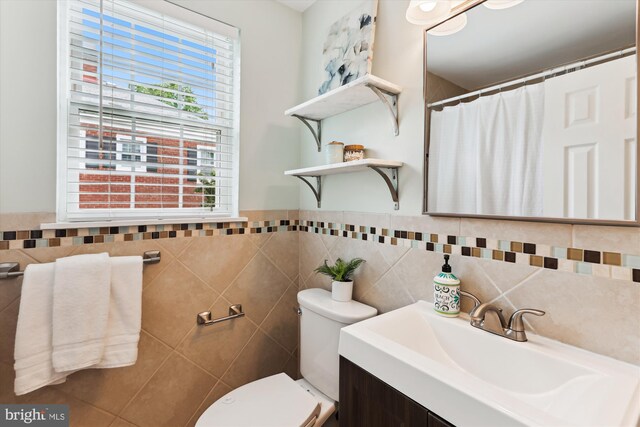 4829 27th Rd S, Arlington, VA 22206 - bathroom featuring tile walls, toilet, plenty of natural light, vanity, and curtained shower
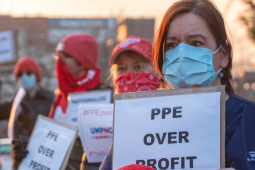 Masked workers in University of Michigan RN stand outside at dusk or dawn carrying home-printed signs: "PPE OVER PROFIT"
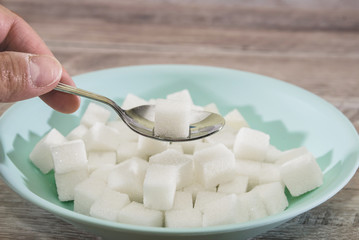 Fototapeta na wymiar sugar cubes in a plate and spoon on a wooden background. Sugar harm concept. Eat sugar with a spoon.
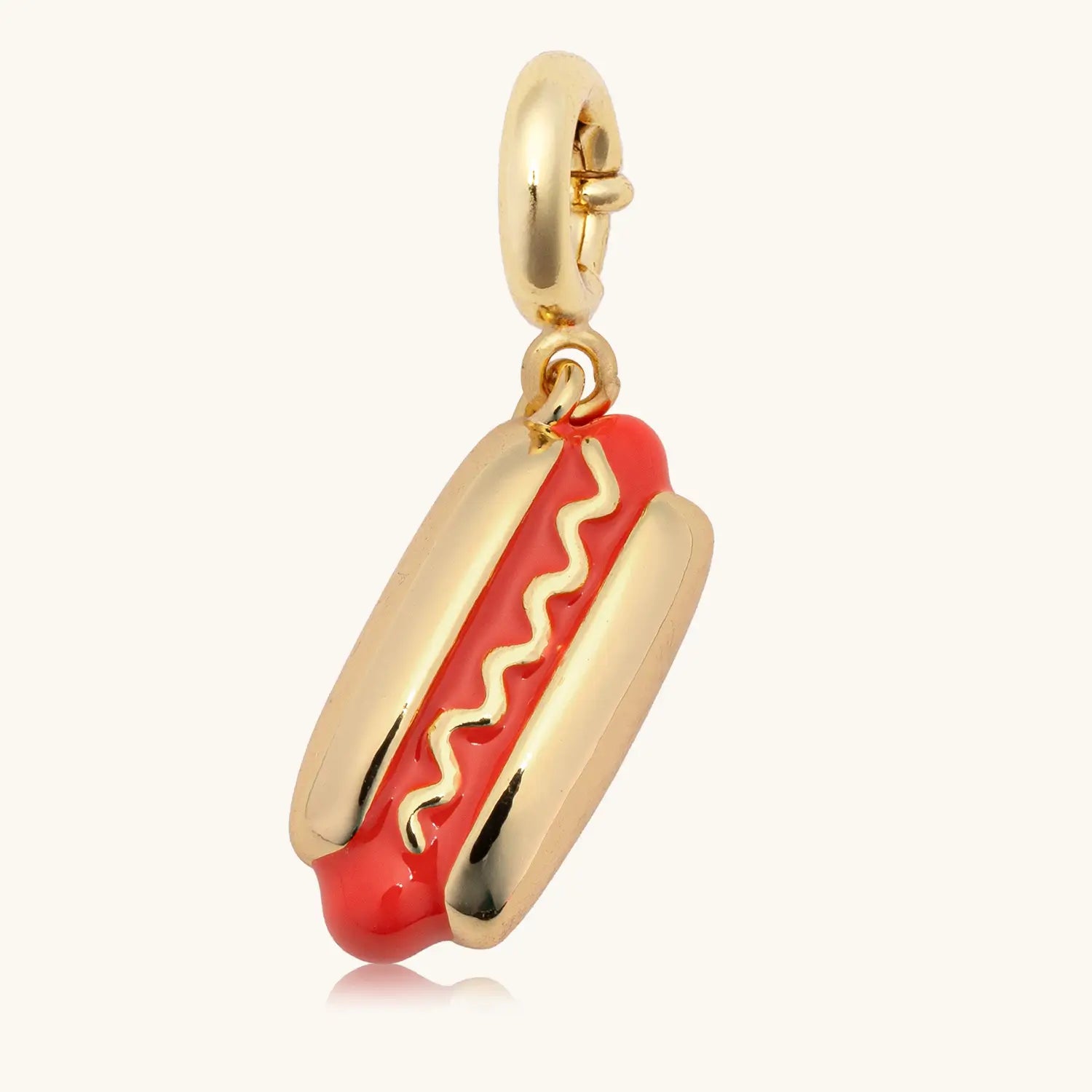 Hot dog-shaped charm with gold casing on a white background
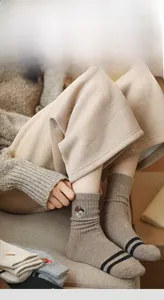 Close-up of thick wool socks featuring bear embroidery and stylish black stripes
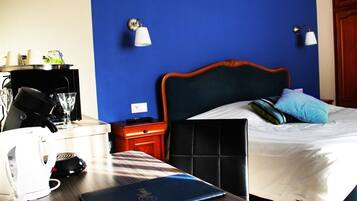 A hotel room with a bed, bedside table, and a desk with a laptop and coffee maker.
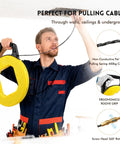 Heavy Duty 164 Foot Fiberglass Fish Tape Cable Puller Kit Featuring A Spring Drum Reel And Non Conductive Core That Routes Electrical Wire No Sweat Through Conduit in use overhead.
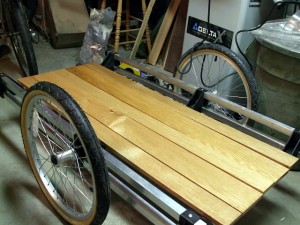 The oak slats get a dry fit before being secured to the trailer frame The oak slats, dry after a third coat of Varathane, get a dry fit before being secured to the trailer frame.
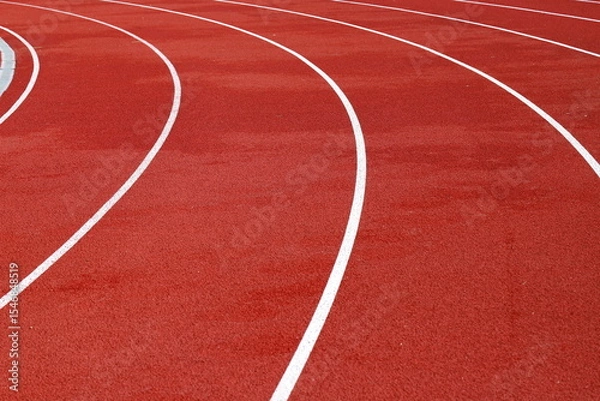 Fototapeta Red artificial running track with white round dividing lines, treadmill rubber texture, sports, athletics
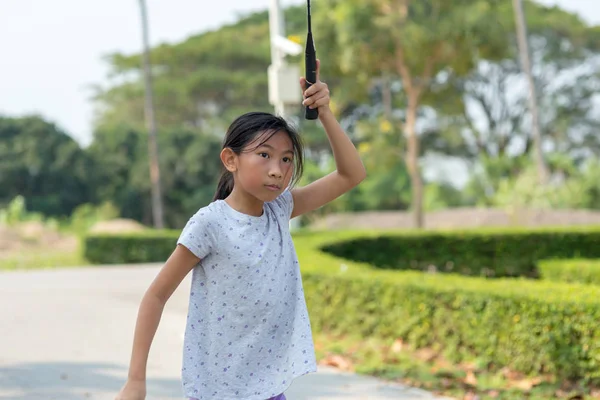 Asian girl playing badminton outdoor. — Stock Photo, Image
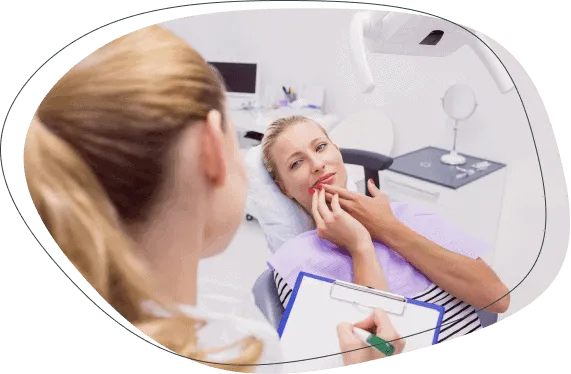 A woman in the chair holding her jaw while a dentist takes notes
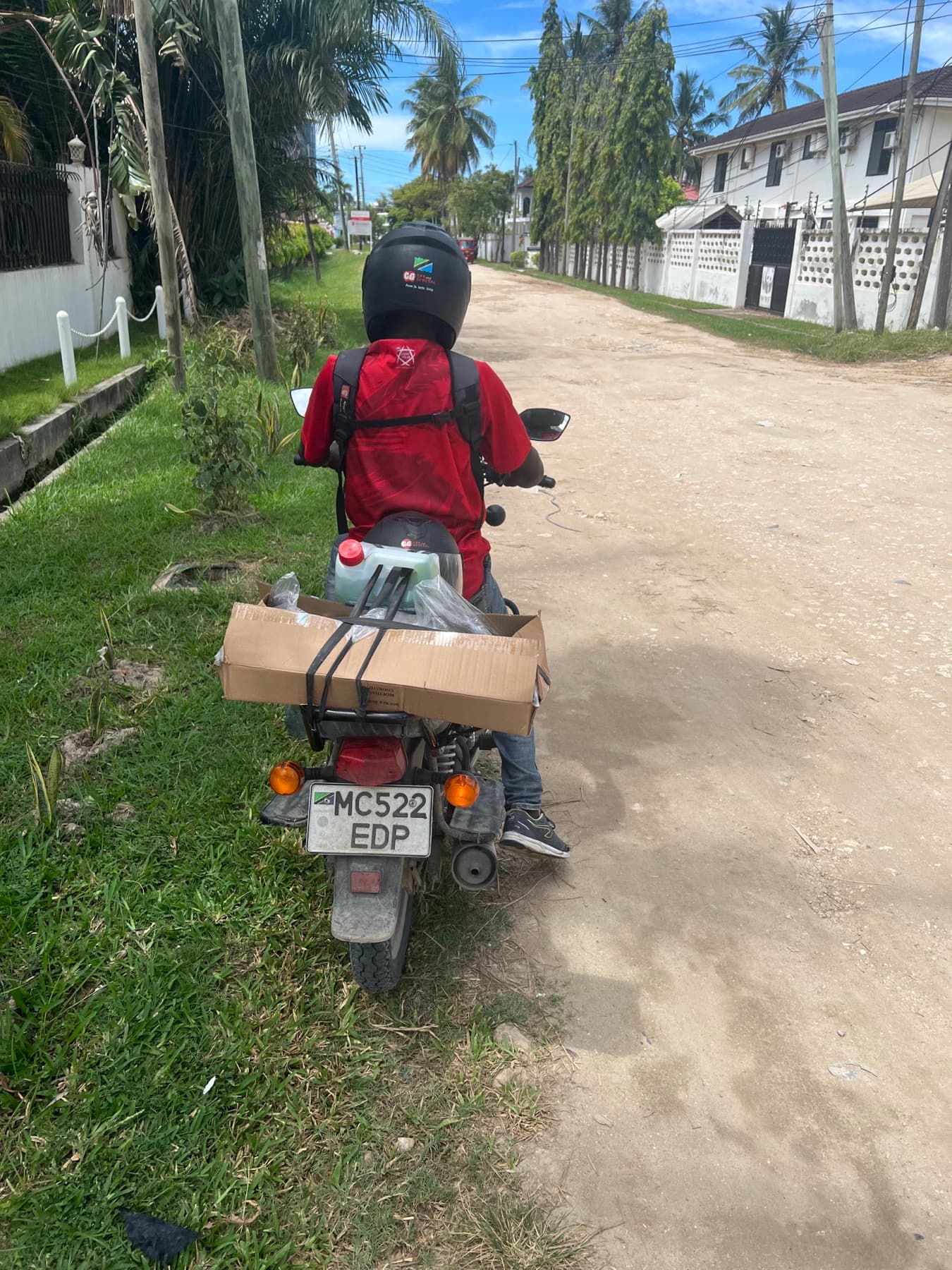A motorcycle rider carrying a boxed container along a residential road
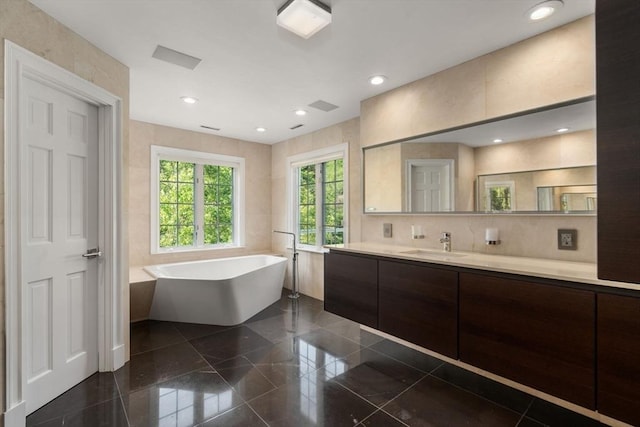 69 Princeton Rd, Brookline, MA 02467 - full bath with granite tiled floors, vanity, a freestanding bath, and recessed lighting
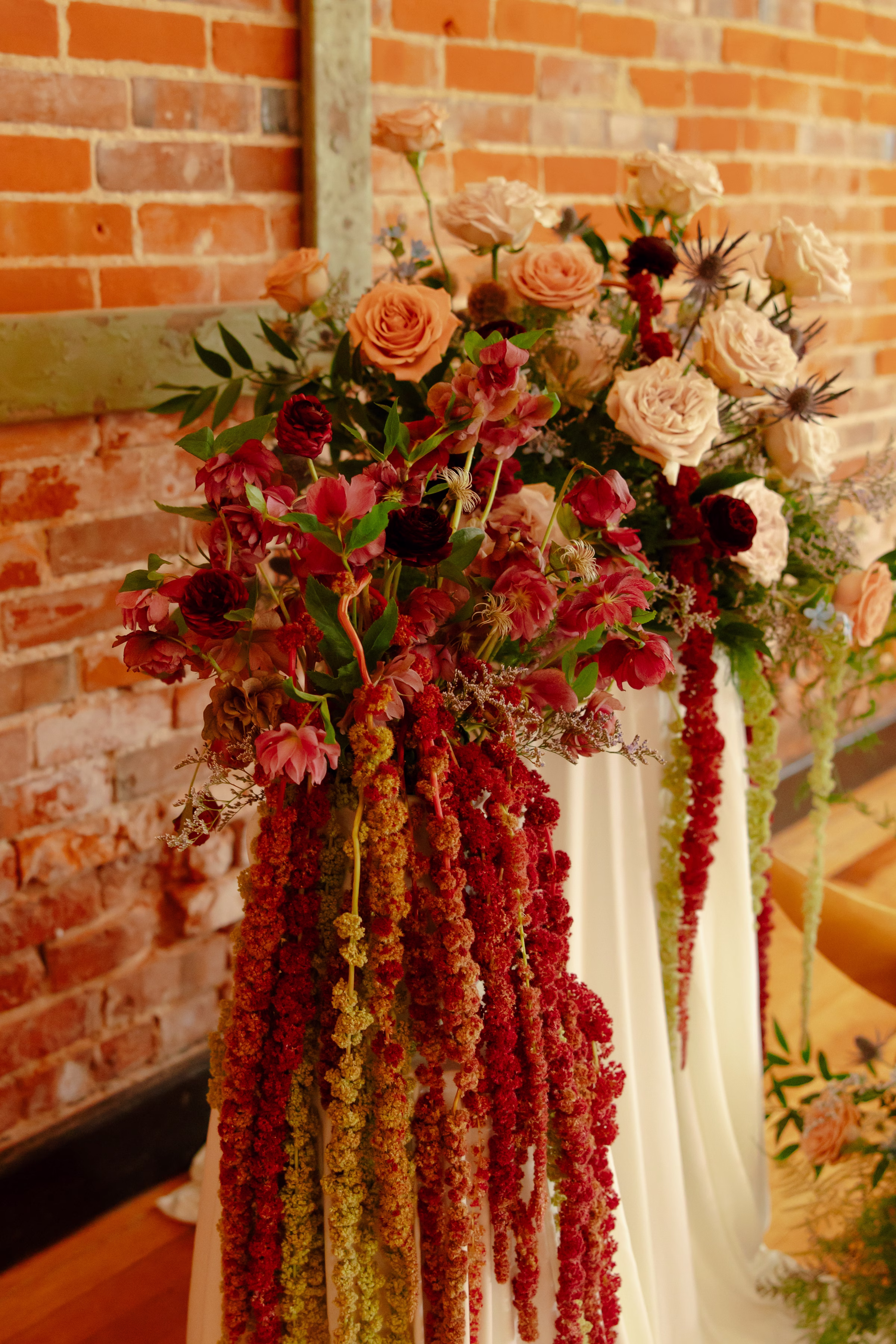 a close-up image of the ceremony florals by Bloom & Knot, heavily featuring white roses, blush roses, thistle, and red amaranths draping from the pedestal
++++
• [WHAT TO PRODUCE] Your copy of the records must be exact and must contain no pictures.

• [EXERCISE ANSWER]
 4829 27th Rd S, Arlington, VA 22206 - bathroom featuring tile walls, toilet, plenty of natural light, vanity, and curtained shower
 Masked workers in University of Michigan RN stand outside at dusk or dawn carrying home-printed signs: "PPE OVER PROFIT"
 Fototapeta na wymiar sugar cubes in a plate and spoon on a wooden background. Sugar harm concept. Eat sugar with a spoon.
 Hot dog-shaped charm with gold casing on a white background
 Close-up of thick wool socks featuring bear embroidery and stylish black stripes
 A hotel room with a bed, bedside table, and a desk with a laptop and coffee maker.
 Heavy Duty 164 Foot Fiberglass Fish Tape Cable Puller Kit Featuring A Spring Drum Reel And Non Conductive Core That Routes Electrical Wire No Sweat Through Conduit in use overhead.
 The oak slats get a dry fit before being secured to the trailer frame The oak slats, dry after a third coat of Varathane, get a dry fit before being secured to the trailer frame.
 Fototapeta Red artificial running track with white round dividing lines, treadmill rubber texture, sports, athletics
 Asian girl playing badminton outdoor. — Stock Photo, Image
 A woman in the chair holding her jaw while a dentist takes notes
A motorcycle rider carrying a boxed container along a residential road
 69 Princeton Rd, Brookline, MA 02467 - full bath with granite tiled floors, vanity, a freestanding bath, and recessed lighting
 a close-up image of the ceremony florals by Bloom & Knot, heavily featuring white roses, blush roses, thistle, and red amaranths draping from the pedestal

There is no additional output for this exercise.